Start of Block
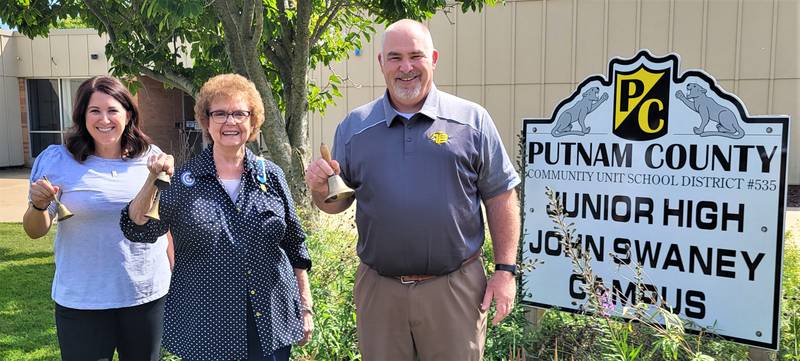 Social Studies teacher, Jessica Lankaitis (left), joins Chief Senachwine DAR Chapter Regent, Sharon Bittner, and Putnam County Junior High, Swaney campus, Principal, Michael Olson, in ringing bells for the start of Constitution Week Sept. 17-23.
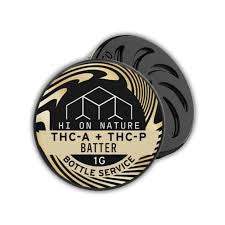 Hi on Nature Concentrate(s) Batter in a black round container with a cream and gold label marked THCA + THCP Batter 1G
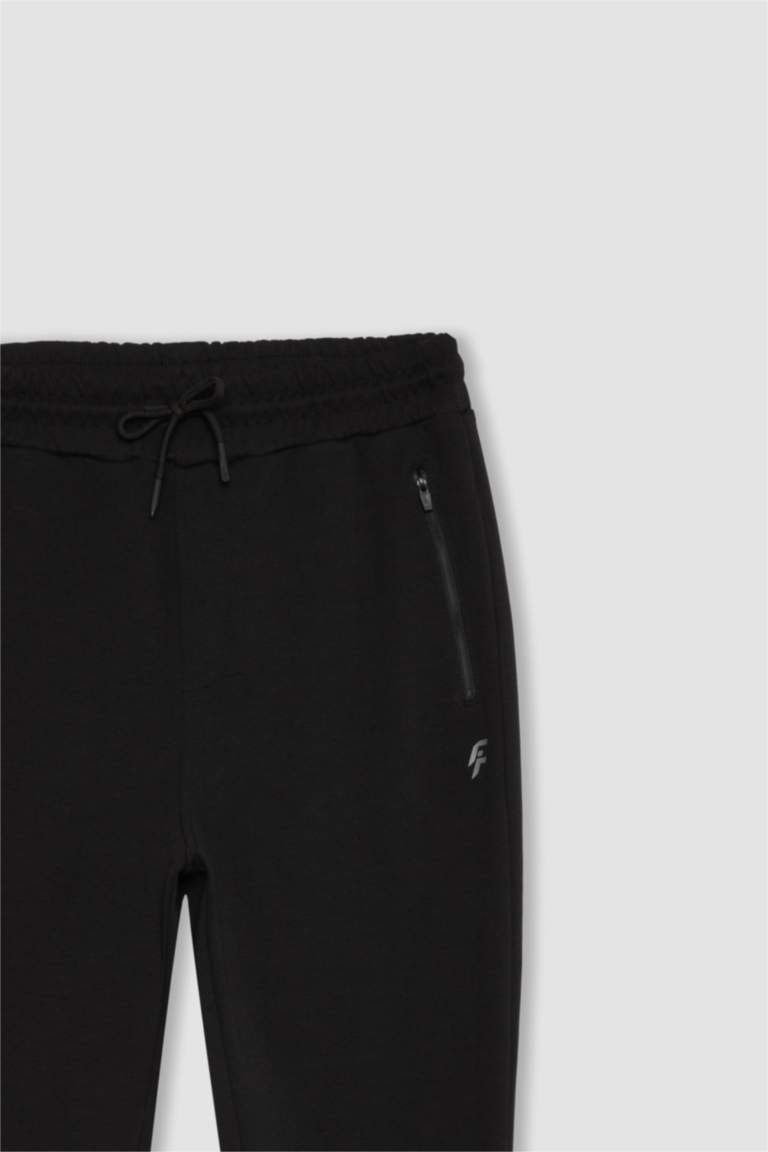 DeFactoFit İnce Jogger Eşofman Altı Slim Fit Dar Kesim Dar Paça Fermuarlı Cepli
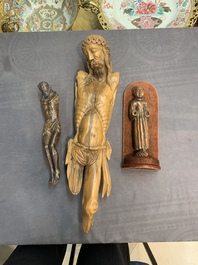 Two carved wooden Corpi Christi and a figure of a monk, Spain and Goa, 16th C.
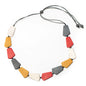 Red resin pentagon necklace by Suzie Blue Canada featuring a geometric pendant on a delicate chain.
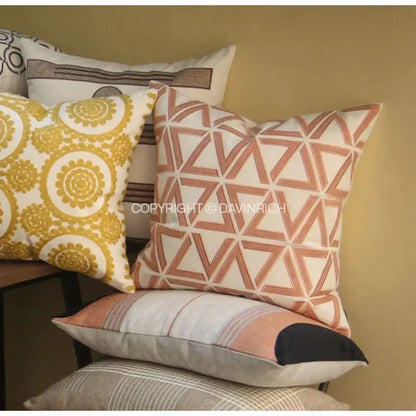 A square cushion cover with geometric embroidered noble terracotta and cream fabric for living room decorbites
End of Block
For this exercise, transcribe exactly only the lines from the one containing "Red resin pentagon" through the end of the listing, inclusive, without the pictures.

Your solution
 Red resin pentagon necklace by Suzie Blue Canada featuring a geometric pendant on a delicate chain.
 A square cushion cover with geometric embroidered noble terracotta and cream fabric for living room decorbites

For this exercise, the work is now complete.